Frank Matthews

Personal information
- Date of birth: 26 December 1902
- Place of birth: Wallsend, England
- Date of death: April qtr 1981 (aged 78)
- Place of death: North Cleveland, England
- Height: 5 ft 9 in (1.75 m)
- Position: Inside forward

Youth career
- Washington Blue Star
- Washington Colliery
- Usworth Colliery

Senior career*
- Years: Team / Apps / (Gls)
- 1922–1923: Blackpool / 0 / (0)
- 1923–1925: Barnsley / 34 / (5)
- 1925–1927: Southampton / 19 / (6)
- 1927–1928: Chesterfield / 2 / (1)
- 1928–1929: Usworth Colliery / ? / (?)
- 1929–1930: Carlisle United / 0 / (0)

= Frank Matthews (footballer) =

English footballer

Frank Matthews (26 December 1902 – 1981) was an English footballer who played at inside forward for various clubs in the 1920s.

==Football career==
Matthews was born at Wallsend and as a teenager played for various colliery teams in his native north east before starting his professional career with Blackpool of the Football League Second Division in May 1922. With Matt Barrass well established at inside-left, Matthews was unable to break into the first team and moved on to Second Division rivals, Barnsley, in the summer of 1923.

At Barnsley, Matthews replaced Russell Wainscoat at inside-left after Wainscoat left to join Middlesbrough in December 1923. After two seasons at Oakwell, during which he made a total of 35 appearances, Matthews moved to the south coast to join another Second Division club, Southampton in May 1925.

Matthews initially played in the reserves but made his Southampton debut away to Sheffield Wednesday on 12 December 1925, when he replaced the out of favour Cliff Price at inside-left.

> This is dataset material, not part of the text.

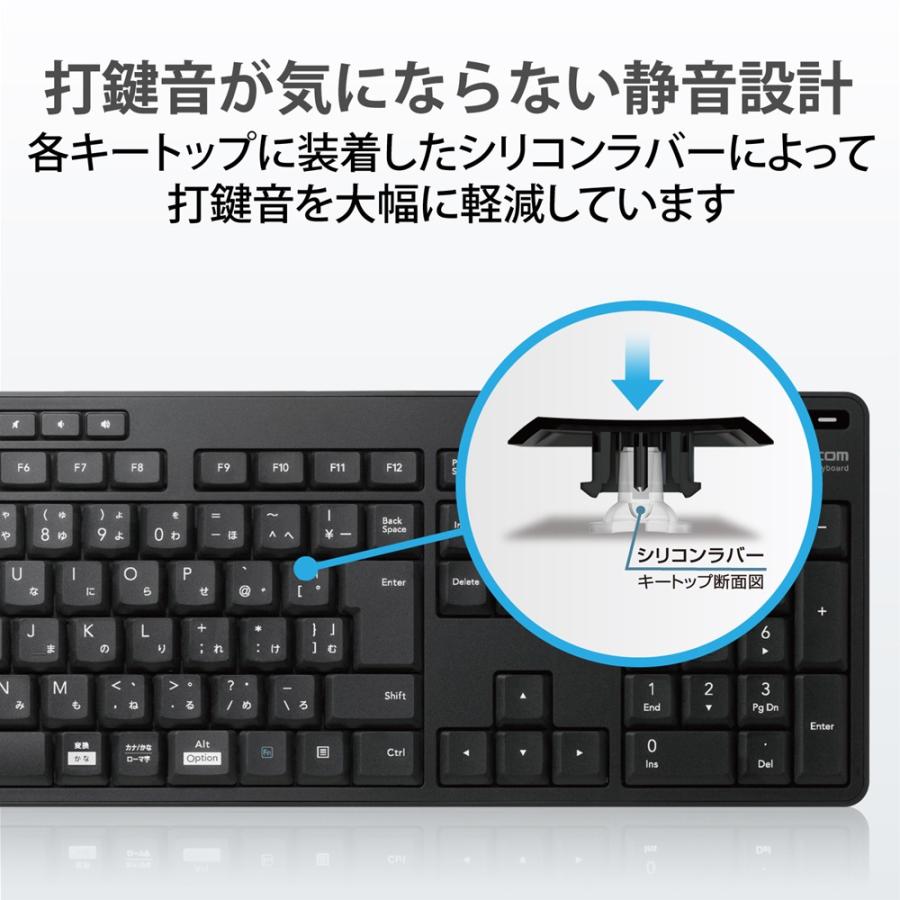 エレコム ELECOM フルキーボード/無線(2.4GHz)/静音設計/抗菌/ブラック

Matthews scored on his home debut a week later, in a 2–1 defeat to Stoke City. For the remainder of the 1925–26 season he made the inside-left berth his own, linking up well with Jimmy Carr on the wing.

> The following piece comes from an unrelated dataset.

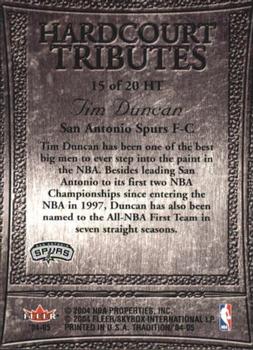 2004-05 Fleer Tradition - Hardcourt Tributes #15 HT Tim Duncan Back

For the following season, manager Arthur Chadwick embarked on a massive team rebuilding and signed several new players, including Dick Rowley, Alf Bishop and Sammy Taylor all of whom could play in either of the inside-forward positions. After trying first Rowley and then Bishop at inside-left, Chadwick recalled Matthews for three games in September, before moving Taylor over from the right, with Rowley returning at inside-right. Taylor retained his place for the rest of the season, at the end of which Matthews was transfer listed for a fee of £50.

In the summer of 1927, Matthews was recruited by the former Southampton team captain Alec Campbell as one of his first signings following his appointment as manager of Chesterfield of the Third Division North. After making only two appearances for Chesterfield, Matthews returned to the north east, dropping back into non-league football.